Comparison of vildagliptin and pioglitazone in patients with type 2 diabetes inadequately controlled with metformin

G Bolli, F Dotta, L Colin, B Minic, M Goodman
Diabetes, Obesity & Metabolism 2009, 11 (6): 589-95

AIM: To compare the tolerability and efficacy of vildagliptin to pioglitazone as add-on therapy in patients with type 2 diabetes inadequately controlled with metformin monotherapy over 1-year duration.

METHODS: This 52-week, multicentre, randomized, active-controlled study compared vildagliptin (50 mg b.i.d., n = 295) and pioglitazone (30 mg daily, n = 281) in patients with inadequate glycaemic control [haemoglobin A1c (HbA(1c)) 7.5-11%] receiving a stable dose of metformin (>or=1500 mg). The primary objective was to demonstrate non-inferiority of vildagliptin at 24 weeks in the change in HbA(1c) from baseline. The objective of the additional 28 weeks of the study was to assess long-term safety, while also assessing mean change from baseline to study end in HbA(1c), fasting plasma glucose and body weight.
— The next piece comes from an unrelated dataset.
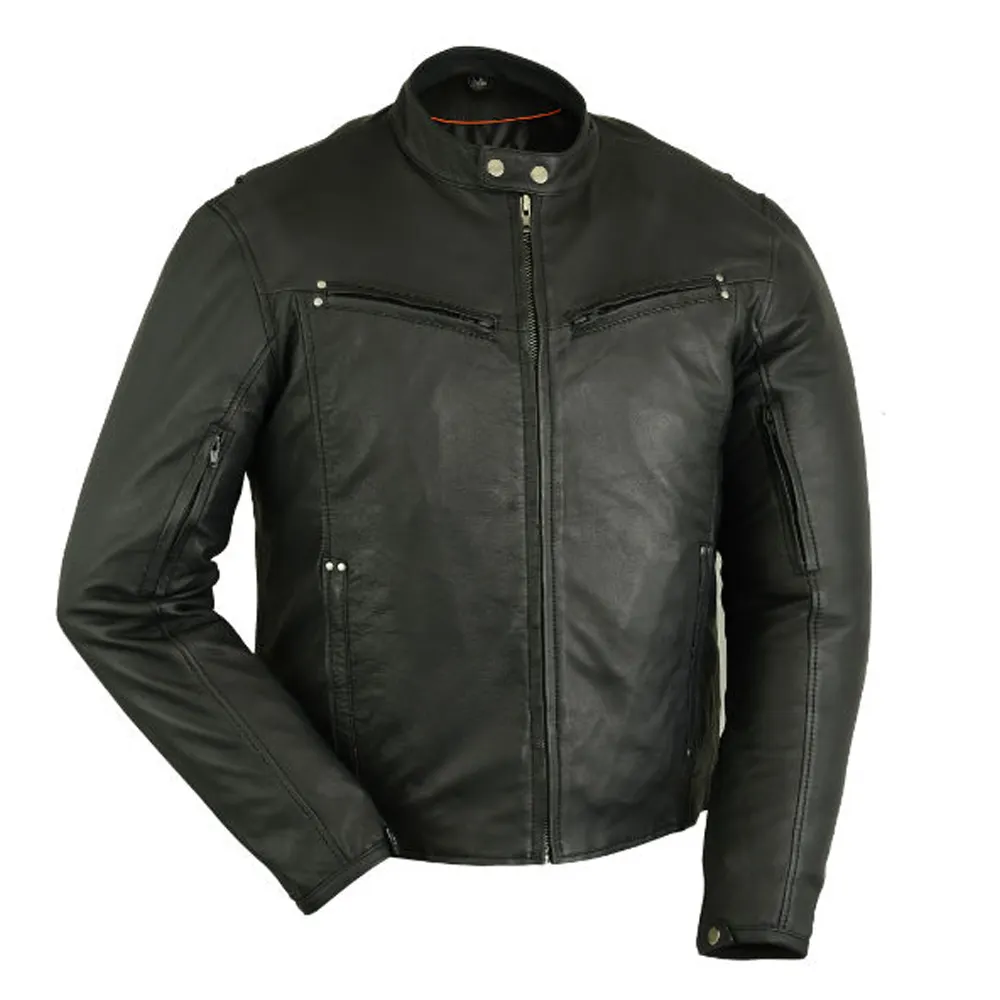 Latest Best Design Comfortable 2023 High Quality Sheep Skin Stand Collar Men Leather Jacket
RESULTS: When added to a stable dose of metformin (mean baseline dose approximately 2 g/day), the non-inferiority of HbA(1c) lowering of vildagliptin to pioglitazone over 24 weeks was established at the non-inferiority margin of 0.3% (between-group difference = 0.1%). During the remaining 28 weeks, comparable HbA(1c) decreases were recorded in both groups. Overall adverse event (AE) rates were similar in both groups, as was the occurrence of peripheral oedema. Hypoglycaemia occurred rarely in both groups. Serious AEs occurred more frequently with pioglitazone group. While mean body weight increased significantly in the pioglitazone group (+2.6 kg) from baseline, there was no significant weight gain with vildagliptin (+0.2 kg).

CONCLUSIONS: When added to metformin, vildagliptin demonstrates favourable safety and tolerability over 1 year. Vildagliptin provided additional HbA(1c) lowering to that achieved with metformin alone and comparable to that achieved with pioglitazone, with only pioglitazone causing weight gain.